It is generally not worth taking a circuit court action for a few hundred quid, especially when proof of the damages and costs are 'available' and 'accurate'. At the moment the solicitor is only acting on the 'word' of the ex tenant. When the solicitor receives a clear written breakdown in writing of the damages he/she will know they are on a loser and will not want to take a case when there is a good chance they will loose and the ex tenant may not pay them etc etc, let alone of the costs of the original solicitors letter. The solicitor may view the cheque as a bird in hand worth two in the bush, and push the ex tennent to accept it. (After he has deducted his costs )


----------



## pixiebean22 (7 Jul 2010)

PRTB have no involvement unless the tenancy was registered with them.  Obviously, why would they get involved if the tenancy wasn't registered, it's nothing to do with them.


----------



## dmos87 (7 Jul 2010)

bottle said:


> Broken bed, door broken off dryer, missing microwave, broken gas hob, broken side gate, broken lawnmower x 2, etc etc. I have noted where cleaning was required, but have not made any deductions for the same.


 
I'll try and remain in the middle here... are some of these just wear and tear? You did not mention how long the tenant was in your house. A broken gas hob, bed, side gate, etc. could very well be wear and tear. I would however frown that the tenant did not notify you of such things when they happened - if our bed broke we would contact the landlord. 

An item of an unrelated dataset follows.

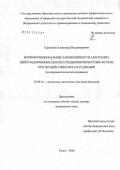 Герасимов, Александр Владимирович. Морфофункциональные закономерности адаптации: нейроэндокринные центры и поднижнечелюстные железы при воздействии света и радиации (экспериментальное исследование): дис. доктор медицинских наук: 03.00.25 - Гистология, цитология, клеточная биология. Томск. 2006. 357 с.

Try and be reasonable - maybe take another look at some of the damage photos or what you have and see if they could be wear and tear. You need to factor in how old all of these things are - bed, cooker, dryer, etc.


----------



## round1 (7 Jul 2010)

Your tenant can bring a case against you to the PRTB even if the tenancy has not been registered by you.


----------



## AlbacoreA (7 Jul 2010)

pixiebean22 said:


> PRTB have no involvement unless the tenancy was registered with them.  Obviously, why would they get involved if the tenancy wasn't registered, it's nothing to do with them.

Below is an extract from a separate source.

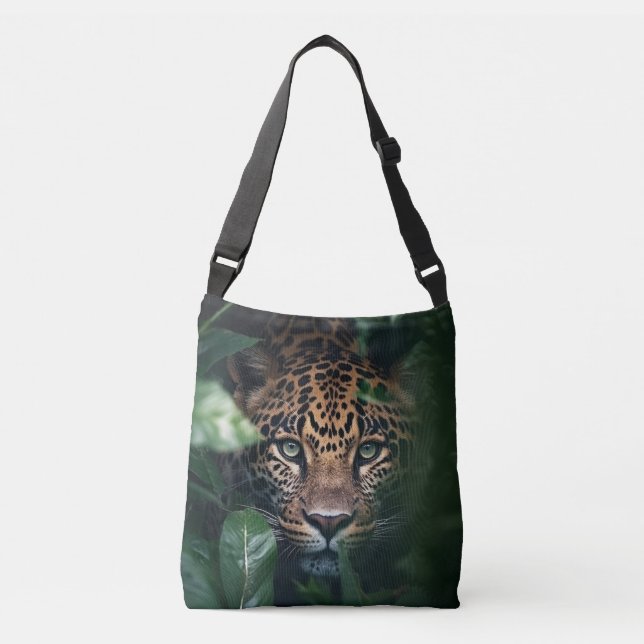 Leopard Tote Bag (Front)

Wasn't the PRTB set up to stop disputes between landlords and tenants going to court. Thats its purpose. Isn't that the law?


----------



## Complainer (7 Jul 2010)

From http://www.prtb.ie/disputesFAQs.htm


> *Landlords  **can only avail of the dispute         resolution service if the tenancy to which the dispute relates  is registered with the PRTB*. Tenancies cannot be registered after         the tenant/s have moved out, as the tenancy no longer         exists. However, landlords can consider pursuing their case  through the[broken link removed].​ *Tenants can avail of the dispute resolution         service* even though the tenancy may not be registered with the         PRTB, provided the tenancy is not exempt from registration under  the         Residential Tenancies Act 2004.


----------



## AlbacoreA (7 Jul 2010)

Good find, I didn't see that. And from the Small Claims Court link...

[broken link removed]



> Type of claims dealt with
> (a) a claim for goods or services bought for private use from someone selling them in the course of a business (consumer claims)
> 
> (b) a claim for minor damage to property (but excluding personal injuries)


----------



## bugler (8 Jul 2010)

Obviously the OP has no interest in taking any case, only defending one. So the SCC is out.

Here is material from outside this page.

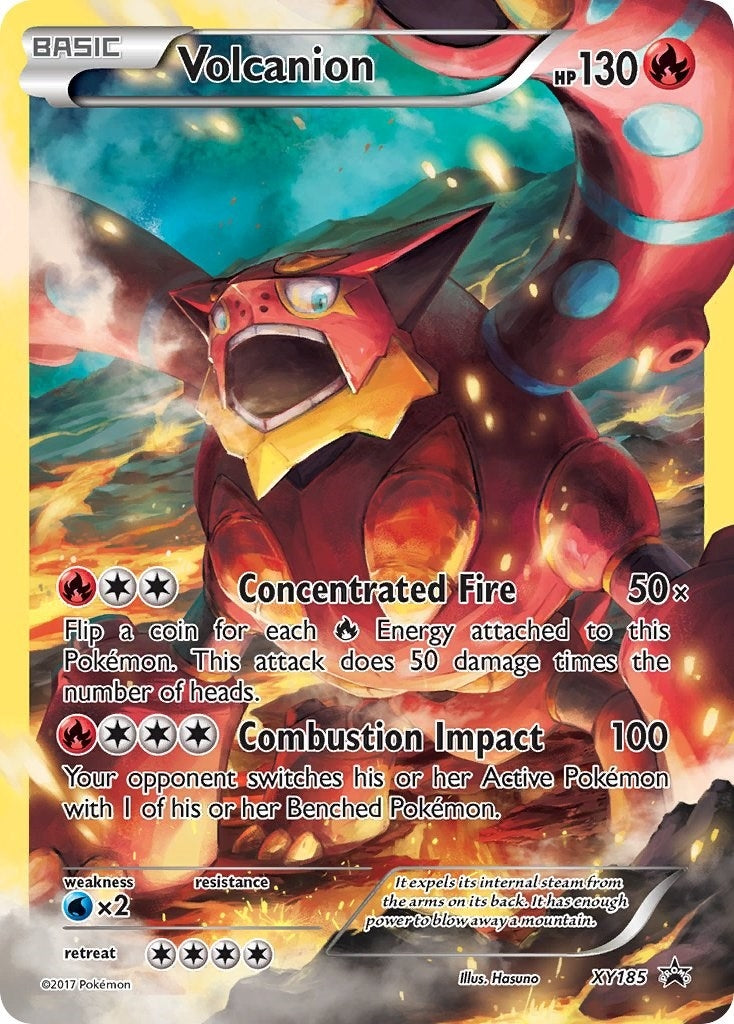 Volcanion - XY185 (XY185) (PR)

That means waiting to see if the tenant pushes things. If they do, it goes to the PRTB as the tenant *can* avail of their dispute resolution service. If they don't, they don't. But it does not seem that this will be dealt with in any other forum. ...right?


----------



## bottle (8 Jul 2010)

Thanks for all the feedback. I would agree with Towger's recommendations. 

Just for info (As mentioned previously), the PRTB will not get involved unless the tenancy was registered. I checked with them, and asked them to get involved, but no hope.


----------



## Complainer (8 Jul 2010)

bottle said:


> Just for info (As mentioned previously), the PRTB will not get involved unless the tenancy was registered. I checked with them, and asked them to get involved, but no hope.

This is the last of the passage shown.